Since my wife and I started sharing Amazon Prime, it has meant that books which I buy now appear on her Kindle, and vice versa.
I started, and finished March then by reading two of her Kindle novels.
The first was The Girl On the Train by Paula Hawkins (ISBN 978-0552779777, 414 pages). I confess to having preconceptions of what this mass-market novel, and subsequent film – which I have not seen – would be like.
I was pleasantly surprised. I thought it was a very good read: a plot which was on the whole convincing, and which kept you engaged. Which of us has not looked at houses as we pass them on the train and has not wondered what goes on within them; or glimpsed people in kitchens or in their gardens and guessed at what their lives are like.

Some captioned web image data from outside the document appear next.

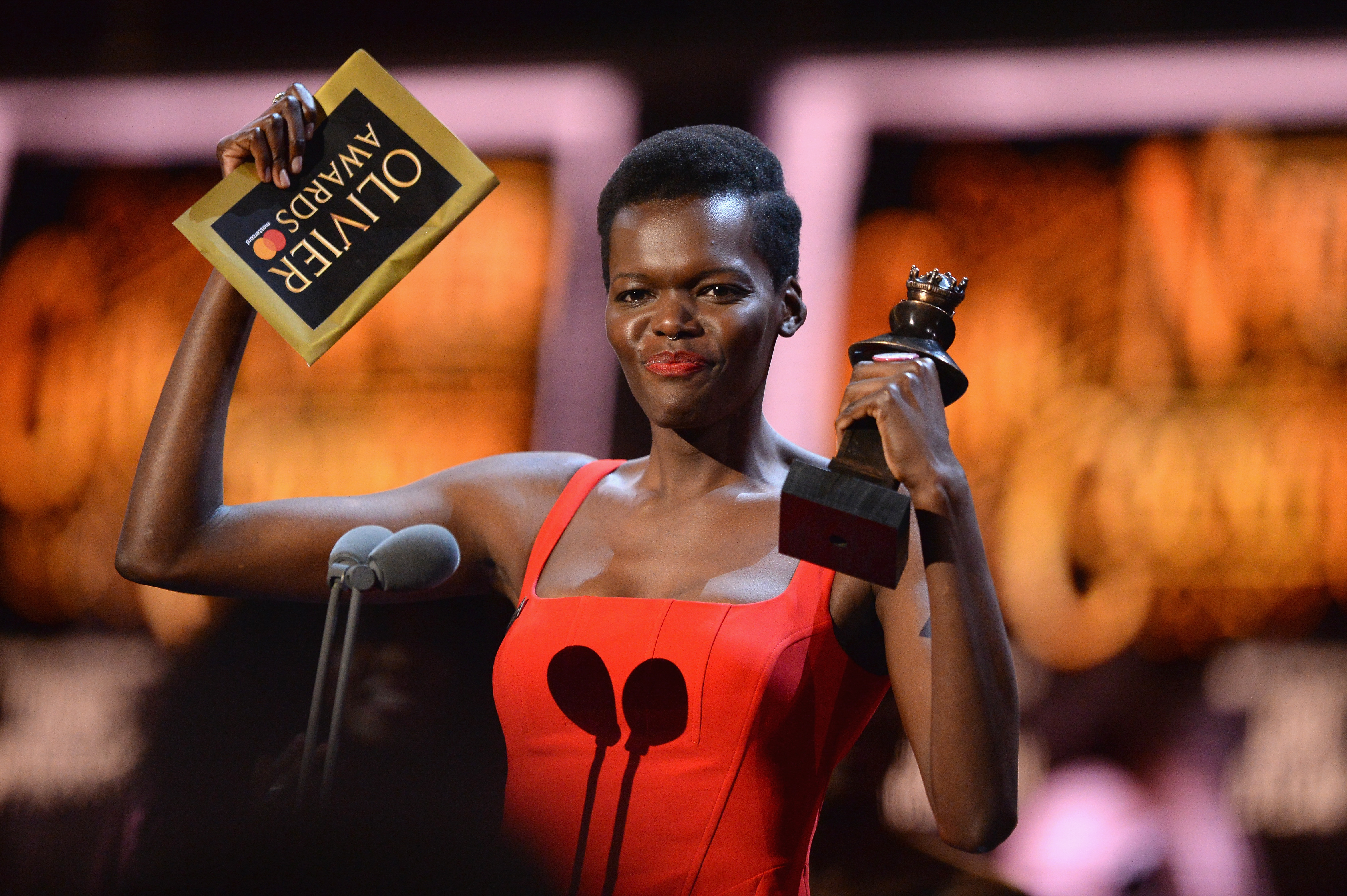 Sheila Atim receives the award for Best Actress In A Supporting Role In A Musical for 'Girl From The North Country' on stage during The Olivier Awards with Mastercard at Royal Albert Hall on April 8, 2018 in London, England. (Jeff Spicer—Getty Images)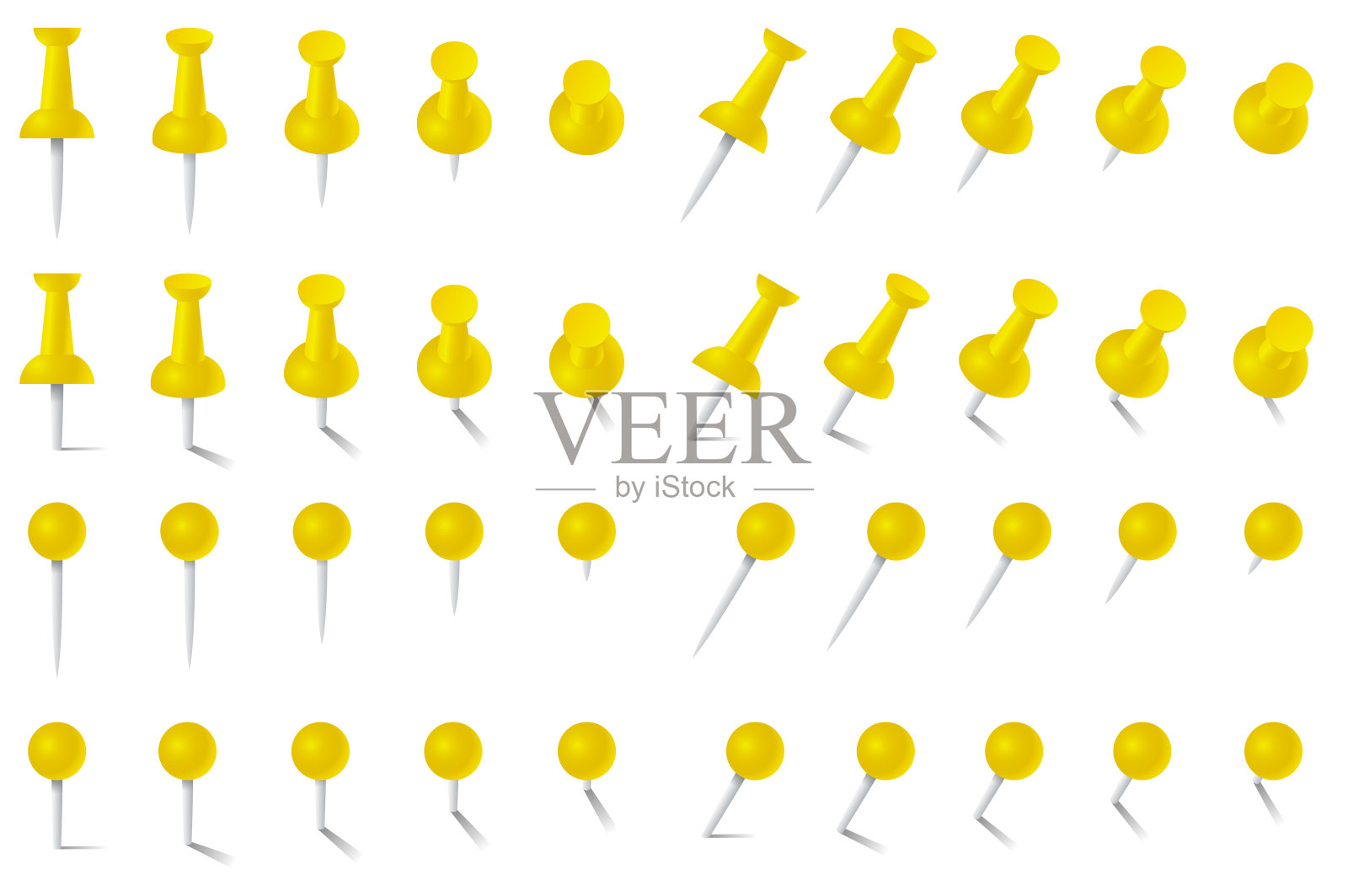 矢量插图集推销和各种形状的图钉插画图片素材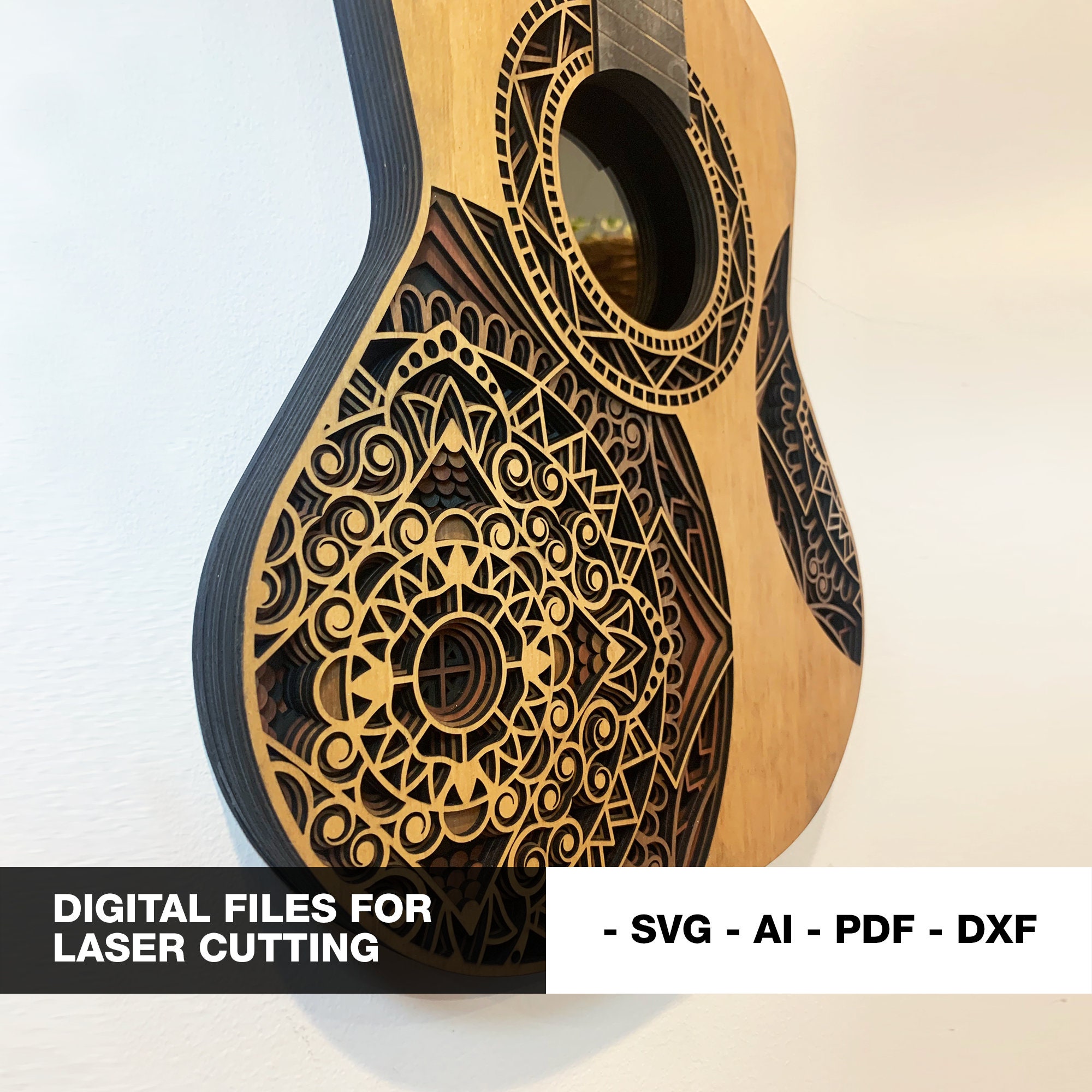 Arquivos digitais espelho de guitarra multicamadas, mandala, arte de parede em camadas, decoração para casa, svg, corte a laser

My second read was Utopia For Realists by Rutger Bregman (ISBN 978-1408890264 8, 299 pages), a factual work on economics and politics, which I read over 36 hours on two flights. This book, originally published in the Netherlands, and now in English in an excellent translation, is a terrific read. It sets out the case for Universal Basic Income (UBI) in a convincing way – and looks at complementary measures which would be needed to accompany such an economic shift: including a reduction in the working week, a more open approach to immigration and so on. Along the way it throws up some startling historic facts, backed up by research and studies. The most arresting of these was that the closest that the West has come to implementing UBI in recent history was under Richard Nixon in the USA. He was ultimately persuaded not to do do by an aide who misunderstood, or misrepresented the Speenhamland experiment from 18th century England.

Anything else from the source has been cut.